One strap, two strap
-
Calculate the
mean
of theage
variable in yourbootstrapped
data, then use a different value ofset.seed()
to create your own, personal bootstrapped sample. Then calculate itsmean
. -
Compare this second bootstrapped sample with three other classmates and write a sentence about how similar or different the bootstrapped sample means were.
Many bootstraps
-
To use bootstrapped samples to create confidence intervals, we need to create many bootstrapped samples.
– Normally, the more bootstrapped samples we use, the better the confidence interval.
– In this lab, we'll
do()
500 bootstrapped samples. -
To make
do()
-ing 500 bootstraps easier, we'll code our 3-step bootstrap method into a function.– Open a new R script (File -> New File -> R Script) to write your function into.
Bootstrap function
-
Fill in the blank space below with the 3 steps needed to create a bootstrapped sample
mean
for ouratus
data.– Each step should be written on its own line between the curly braces.
bs_func <- function() { }
-
Highlight and Run the code you write.
Visualizing our bootstraps
-
Once your function is created, fill in the blanks to create 500 bootstrapped sample means:
bs_means <- do(____) * bs_func()
-
Create a
histogram
for your bootstrapped samples and describe the center, shape and spread of its distribution.– These bootstrapped estimates no longer estimate the average age of people in the U.S.
– Instead, they estimate how much the estimate of the average age of people in the U.S. varies.
-
In the next slide, we'll look at how we can use these bootstrapped means to create 90% confidence intervals.
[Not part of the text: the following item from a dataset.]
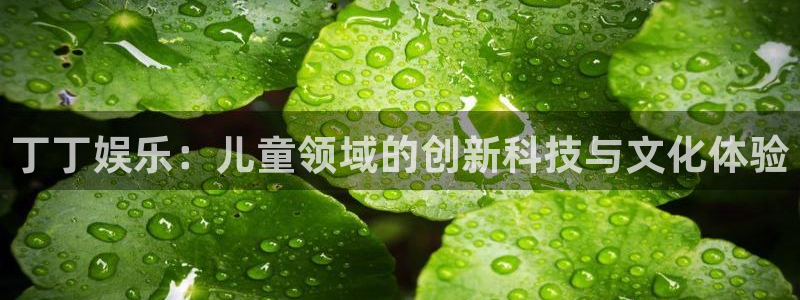 赢咖2登录地址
Bootstrapped confidence intervals
-
To create a 90% confidence interval, we need to decide between which two ages the middle 90% of our bootstrapped estimates are contained.
-
Using your
histogram
, fill in the statement below:The lowest 5% of our estimates are below years and the highest 5% of our estimates are above years.
-
Use the
quantile()
function to check your estimates. -
Based on your bootstrapped estimates, between which two ages are we 90% confident the actual
mean
age of people living in the U.S. is contained?
On your own
-
Using your bootstrapped sample means, create a 95% confidence interval for the
mean
age of people living in the U.S. -
Why is the 95% confidence interval wider than the 90% interval?
-
Write down how you would explain what a 95% confidence interval means to someone not taking Introduction to Data Science.